Data to examine:
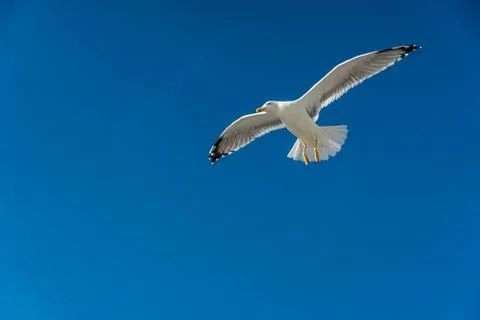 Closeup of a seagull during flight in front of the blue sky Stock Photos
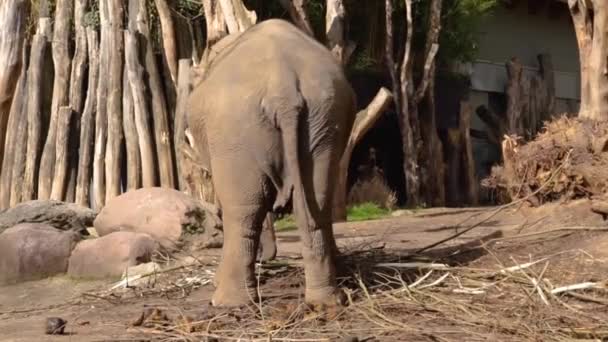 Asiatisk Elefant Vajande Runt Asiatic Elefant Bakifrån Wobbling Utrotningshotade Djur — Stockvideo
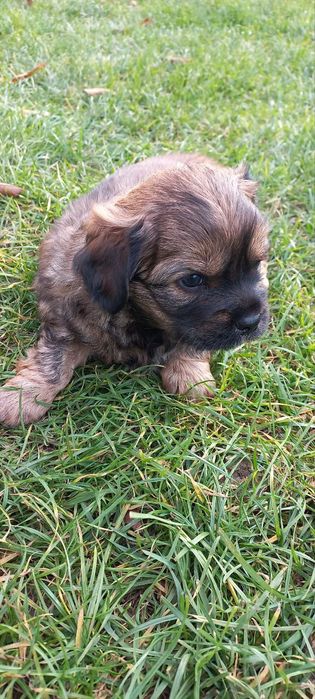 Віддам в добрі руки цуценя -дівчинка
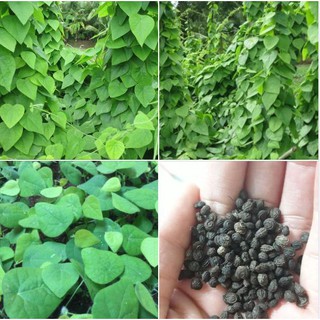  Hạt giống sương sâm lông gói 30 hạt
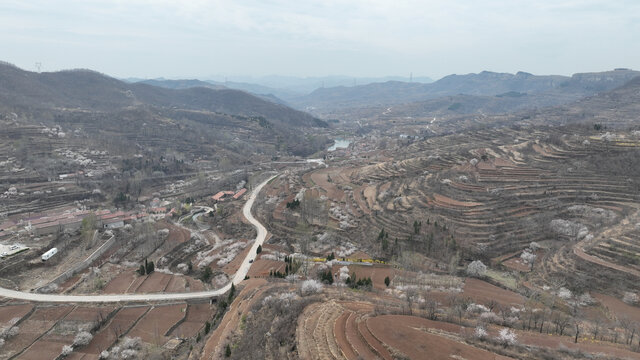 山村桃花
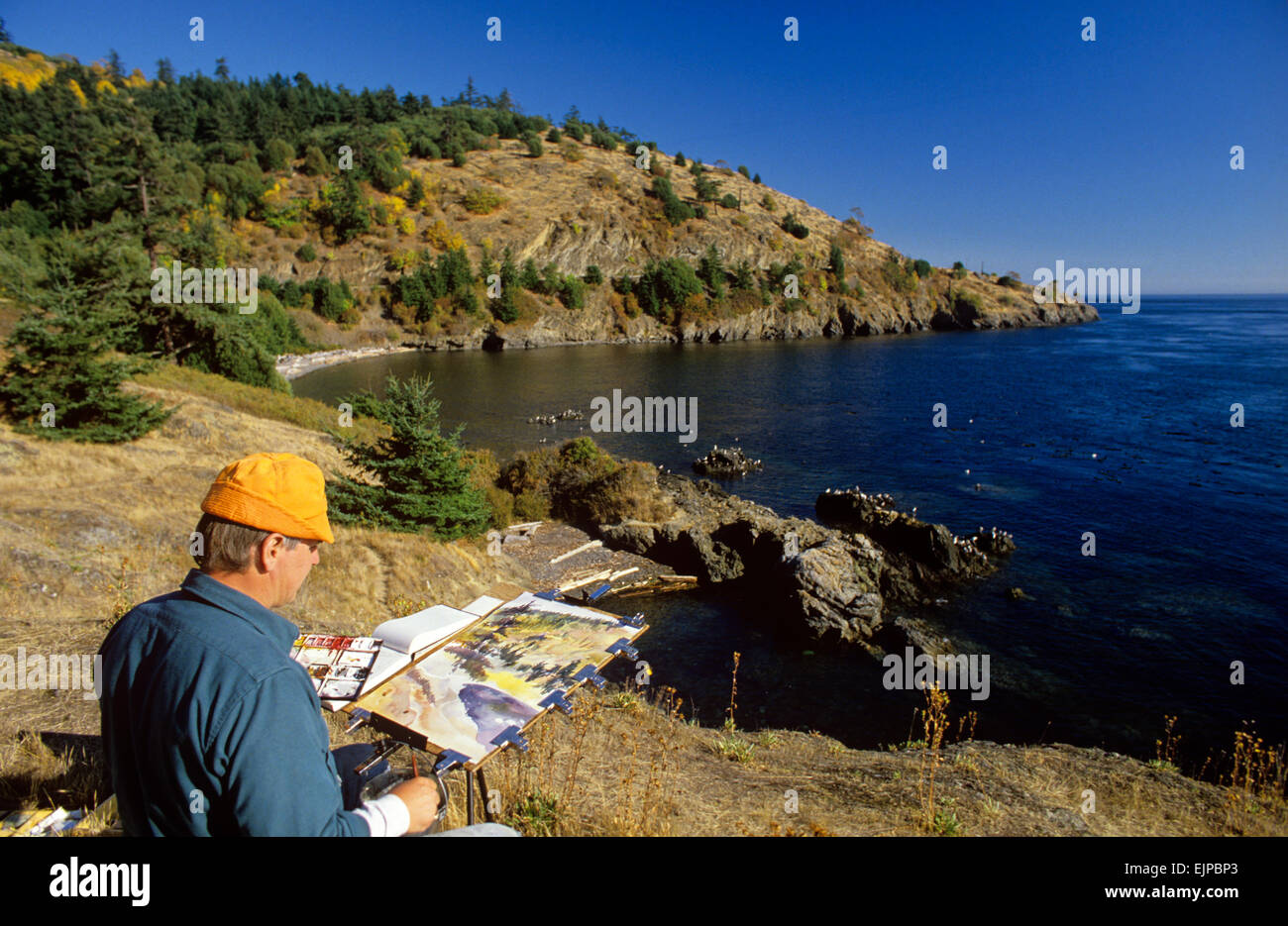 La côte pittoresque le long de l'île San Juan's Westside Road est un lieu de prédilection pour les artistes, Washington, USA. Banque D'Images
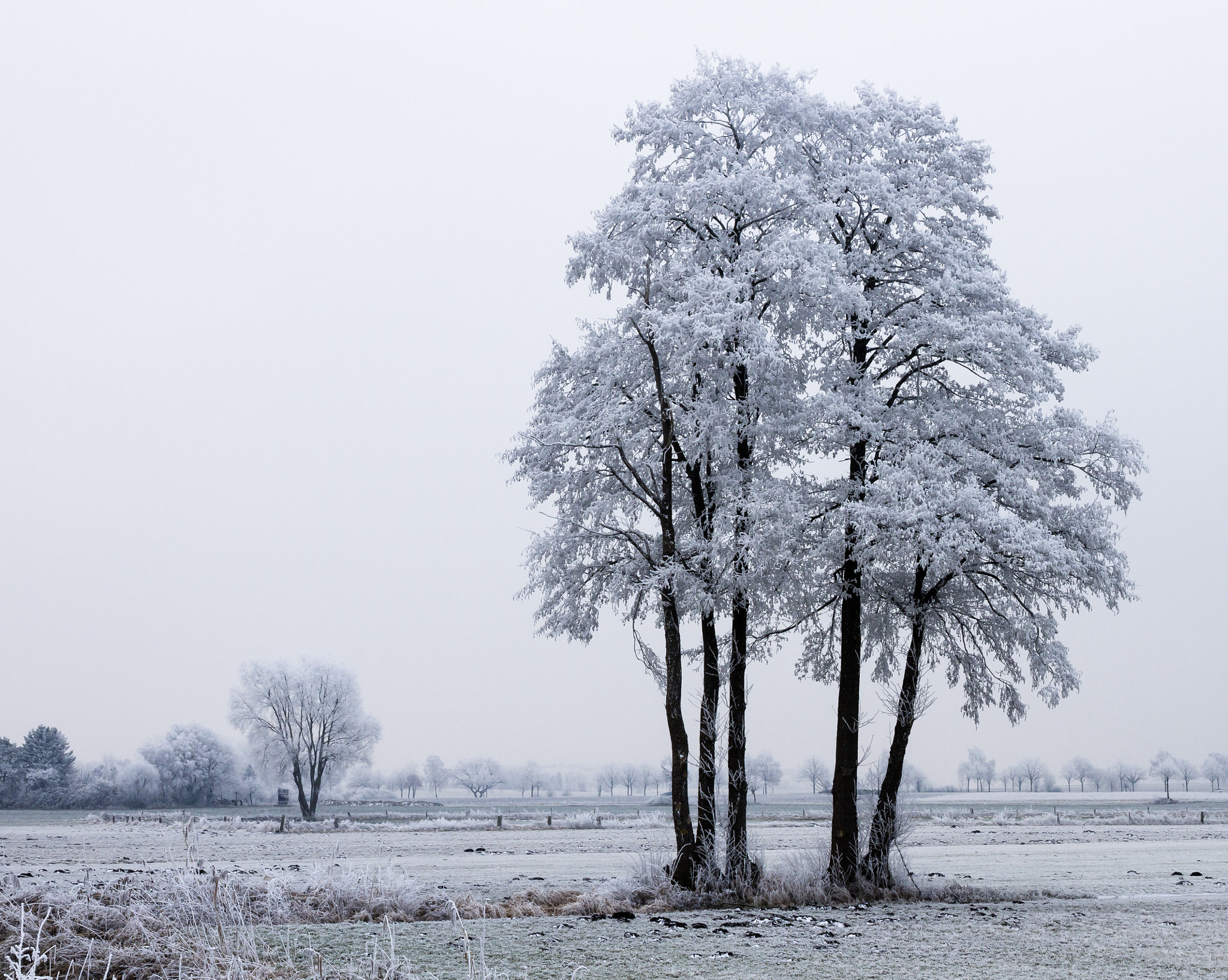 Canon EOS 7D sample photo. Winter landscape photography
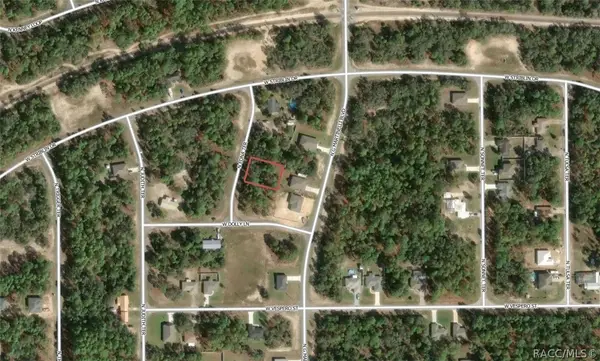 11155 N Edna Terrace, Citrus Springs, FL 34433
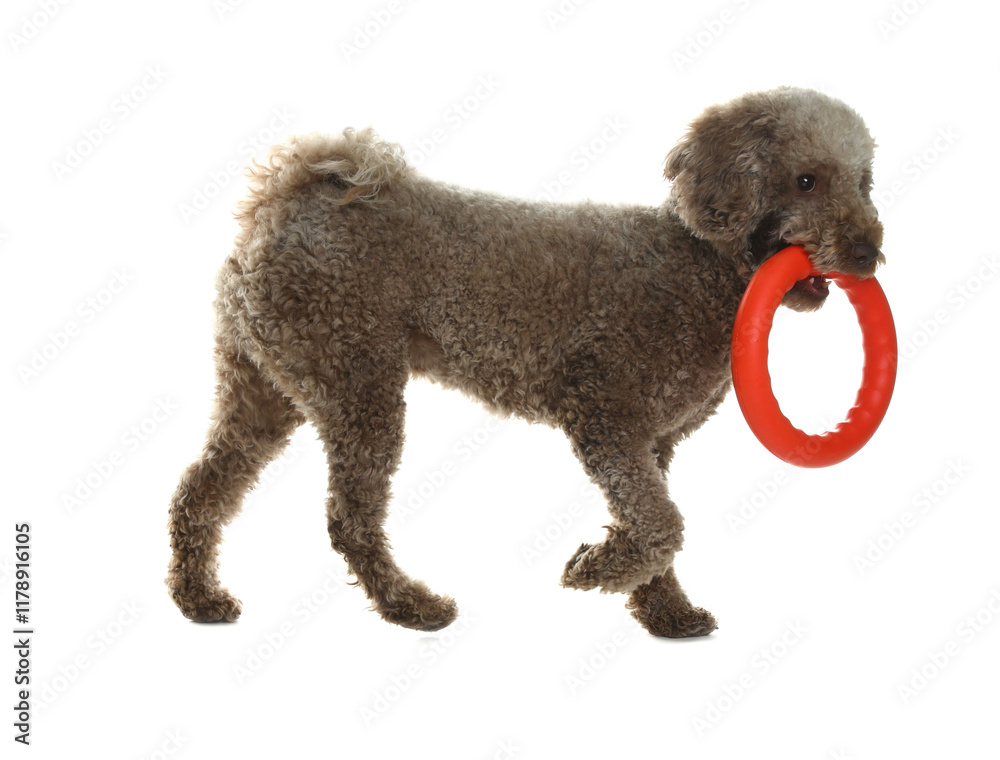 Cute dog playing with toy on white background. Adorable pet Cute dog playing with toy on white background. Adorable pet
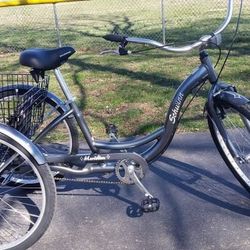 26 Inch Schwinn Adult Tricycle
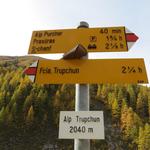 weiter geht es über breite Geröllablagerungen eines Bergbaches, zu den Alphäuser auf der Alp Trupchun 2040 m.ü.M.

Work to be completed: Everything from the line containing "26 Inch Schwinn Adult Tricycle" through the end of the data should be printed exactly, line for line, except the pictures.

Answer:
 26 Inch Schwinn Adult Tricycle
 weiter geht es über breite Geröllablagerungen eines Bergbaches, zu den Alphäuser auf der Alp Trupchun 2040 m.ü.M.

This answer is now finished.